Ian Macdonald carves the haggis for the annual Double Bob Bash in the Odd Fellows ballroom in 2010. PHOTO: Dan Davidson

This year I cannot complain that I didn’t know their intentions. I have two slightly different versions of their schedule before me and could, if I had had the time, have sought them out.

Their Sunday night run around the streets of Dawson was after dark – too cold and too dark for effective photography.

Three years ago I broke all the plastic gears inside a perfectly serviceable small Canon camera by turning it on and off (in order to thrust it inside my parka to preserve battery life) at -39 while snapping shots of a tire changing event.

The poor thing lasted a month after that day, but became increasingly temperamental and eventually refused to open.

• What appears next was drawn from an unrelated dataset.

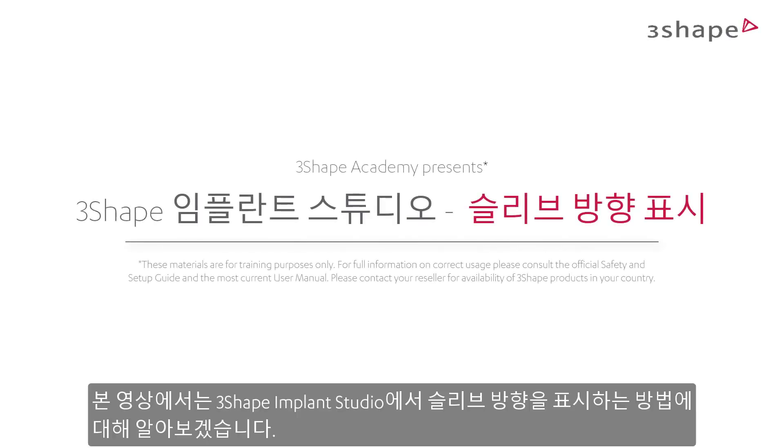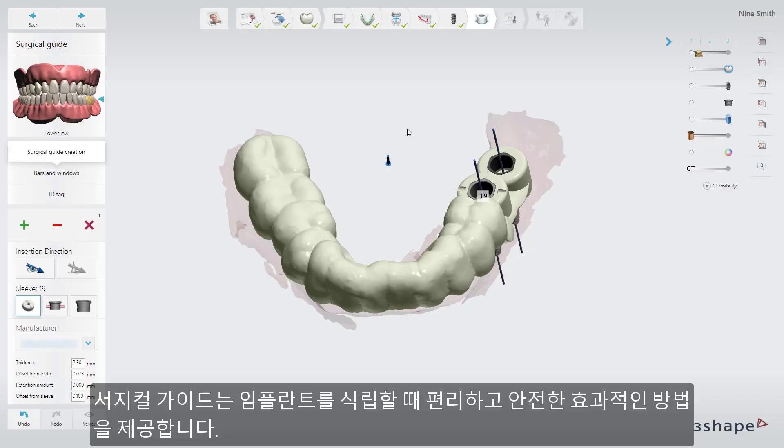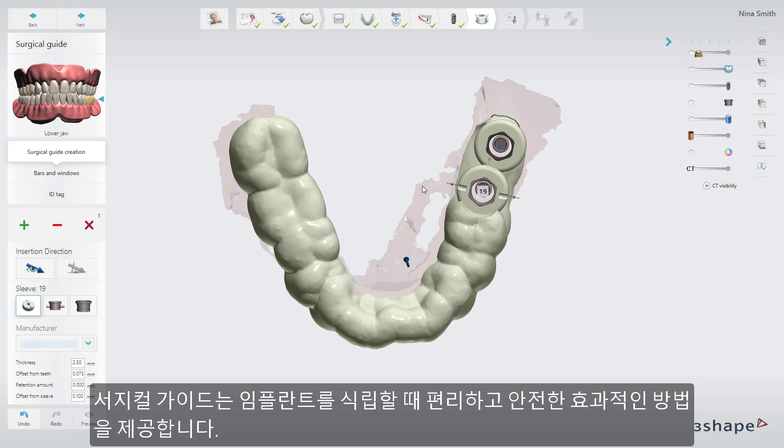In this video you will learn how to use sleeve orientation marks in 3Shape Implant Studio. Placing implants guided is generally recognized as a convenient, safe and effective alternative when the surgical procedure allows for guided surgery.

Monday had possibilities, until it became the day designated for funeral and potlatch observances for a respected Tr’ondëk Hwëch’in elder. The morning event was so far out of town I wasn’t sure I could get back in time for my duties in the pick-up choir that assembles for funeral services.

The mid afternoon event coincided with that funeral, and the evening event overlapped with the potlatch.

Sometimes you have to pick your priorities.

They were here. They had fun. They did insane things at unsafe temperatures and spent quite a bit of money. Hopefully I’ll see more of them next year.

Twelve days from when I am writing this column the Dawson Community Library Board will celebrate its annual Double Bob Bash, to be held this year in the Legion Hall on Saturday, January 28.

The Bash was created some years ago, when we noticed that both Robert Service and Robert Burns had birthdays in January – the 16th and 25th respectively.

Burns may have been born 115 years earlier, but he was one of several influences on his later countryman, so it seems meet that they should be celebrated together.

Besides, honesty compels me to add that splitting the evening’s recitations between the two of them makes for easier reading. Burns is harder on the modern Canadian tongue than Service.

There will be a haggis, properly dressed and addressed. It will be marched about the room before being carved.

There will be a potluck meal of other goodies, accompanied by some Celtic tunes and much reciting of poetry, some of it by the bards, some of it composed by those in attendance.

It will be a fun evening, but I have to admit that if the last couple of years are any indication, it will still be cold.